Microsoft has been following a pretty steady version number scheme with their operating systems lately:
Windows 7, then Windows 8, and then…Windows 10.
That’s right. They just skipped Windows 9.
So don’t worry, you didn’t miss a major version of Windows. Microsoft simply decided not name their Windows 8 successor as Windows 9, but went with Windows 10 instead.
Windows 9 was assumed to be the name for Microsoft’s operating system after Windows 8 but Windows 10 was announced instead.
Mary Jo Foley, who regularly reports on Microsoft, explained it this way in a piece she wrote on September 30, 2014, the day of the Windows 10 announcement:
“But Microsoft went instead with Windows 10 because they wanted to signify that the coming Windows release would be the last “major” Windows update. Going forward, Microsoft is planning to make regular, smaller updates to the Windows 10 codebase, rather than pushing out new major updates years apart. Windows 10 will have a common codebase across multiple screen sizes, with the UI tailored to work on those devices.”

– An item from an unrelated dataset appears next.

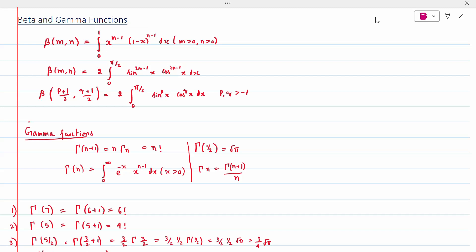There are many sets of formulas. When the question involves sine and cosine, we use this relation: Beta((p+1)/2, (q+1)/2) = 2 times the integral from 0 to pi/2 of sin^p(x) * cos^q(x) dx. Interchanging sine and cosine gives the same formula, where p and q must be greater than -1.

Later news about Windows 10 confirmed this idea – that Windows will be updated on a much more regular basis. So there may not ever be a Windows 11 or Windows 12, just an evolving and ever-better Windows. Period.
Sounds good to me.
Lets also consider the long term implication of this. We will have this OS for almost if not longer, than Windows XP ran. Which is why I push my clients to reserve their free upgrade ASAP.